Thursday, 24 June 2010

Nothing to see here, move along

Alpha-Alpha, as was his wont when the mood struck him, strut across the apartment floor with the satisfying staccato accompaniment of his imported Cuban heals clacking egregiously against the gratifyingly and gratuitously expensive reclaimed timber panels. Leaning towards the sill and telescope perched securely upon its generous ledge, he carefully adjusted the focal calibration with a flourish that belied a certain calculating finesse, all the while peering down the tubular aperture of the dew shield at the street below. The polarised plexiglass window situated at the phallic apex of the luxury, down-town, multi-use complex, shielding him from his subjects' mutual subjugation.

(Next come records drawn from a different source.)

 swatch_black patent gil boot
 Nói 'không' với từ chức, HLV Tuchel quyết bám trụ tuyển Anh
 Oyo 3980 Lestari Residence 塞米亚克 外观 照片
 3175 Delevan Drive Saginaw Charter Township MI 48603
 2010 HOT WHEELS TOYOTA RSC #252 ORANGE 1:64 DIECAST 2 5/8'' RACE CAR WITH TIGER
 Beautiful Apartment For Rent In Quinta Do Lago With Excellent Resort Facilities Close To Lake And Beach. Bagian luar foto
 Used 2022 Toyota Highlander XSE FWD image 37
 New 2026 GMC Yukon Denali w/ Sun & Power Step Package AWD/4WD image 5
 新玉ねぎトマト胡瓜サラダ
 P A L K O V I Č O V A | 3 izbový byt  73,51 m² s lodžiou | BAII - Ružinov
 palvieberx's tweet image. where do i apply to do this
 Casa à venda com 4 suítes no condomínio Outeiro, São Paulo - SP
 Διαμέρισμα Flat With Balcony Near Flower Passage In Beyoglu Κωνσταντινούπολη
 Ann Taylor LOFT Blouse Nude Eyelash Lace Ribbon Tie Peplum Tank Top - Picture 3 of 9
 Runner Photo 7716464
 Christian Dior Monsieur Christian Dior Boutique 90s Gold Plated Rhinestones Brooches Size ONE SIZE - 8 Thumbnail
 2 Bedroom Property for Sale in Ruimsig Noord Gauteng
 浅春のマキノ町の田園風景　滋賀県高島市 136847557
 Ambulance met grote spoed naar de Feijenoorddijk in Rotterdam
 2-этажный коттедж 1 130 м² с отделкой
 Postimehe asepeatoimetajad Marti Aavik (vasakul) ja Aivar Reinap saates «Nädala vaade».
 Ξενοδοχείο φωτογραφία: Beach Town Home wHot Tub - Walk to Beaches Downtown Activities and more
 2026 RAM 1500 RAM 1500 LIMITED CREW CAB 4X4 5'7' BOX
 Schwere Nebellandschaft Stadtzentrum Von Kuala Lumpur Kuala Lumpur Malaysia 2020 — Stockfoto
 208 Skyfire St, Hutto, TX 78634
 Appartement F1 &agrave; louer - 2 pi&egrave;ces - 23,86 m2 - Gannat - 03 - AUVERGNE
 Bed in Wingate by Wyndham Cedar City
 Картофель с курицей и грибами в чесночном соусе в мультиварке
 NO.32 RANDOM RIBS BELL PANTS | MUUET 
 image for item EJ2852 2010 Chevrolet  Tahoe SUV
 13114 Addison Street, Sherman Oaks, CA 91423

Such was the overtly practised and ever-so deliberately delivered nature of this activity, that few dared challenge its purpose; to do so would be a provocation of sorts – a challenge that could only give rise to an apparently innocent question that would, on further reflection, simultaneously impugning its target's integrity, namely: why are you looking down the wrong end of a telescope stupid?

It's seems an innocent enough question on the face of it and, indeed, quite legitimate as far goes the normal run of affairs. But then you have to take into account the context: the conspicuously opulent surroundings; the wealth and power that they represented. Alpha-Alpha didn't inherent his fortune, he accumulated it by carefully diminishing others'. And that undisguised opulence was not the accidental design of flights of fancy clashing with whimsy, rather, a carefully orchestrated ensemble that could only be the outcome of a vast symposium of auctioneers, artists, critics and scholars, which, indeed, it was. A cumulative set of pecuniary talents that, over the years, Alpha-Alpha had accumulated for himself and that had made him the perfect arbiter at said auction-cum-symposium.

So why the wrong end of the telescope? No one had ever called him out on it. And wisely so. However, QT had a theory. You see, a reverse proportional effect was achieved by the wrong-ending of the ocular stick: the people in the street below appeared smaller – antsier – and, perhaps, that was how he actually saw them, their reality in relation to his and yet, somehow, his own visual apparatus had failed to relay that essential truth to his cortex. Hence.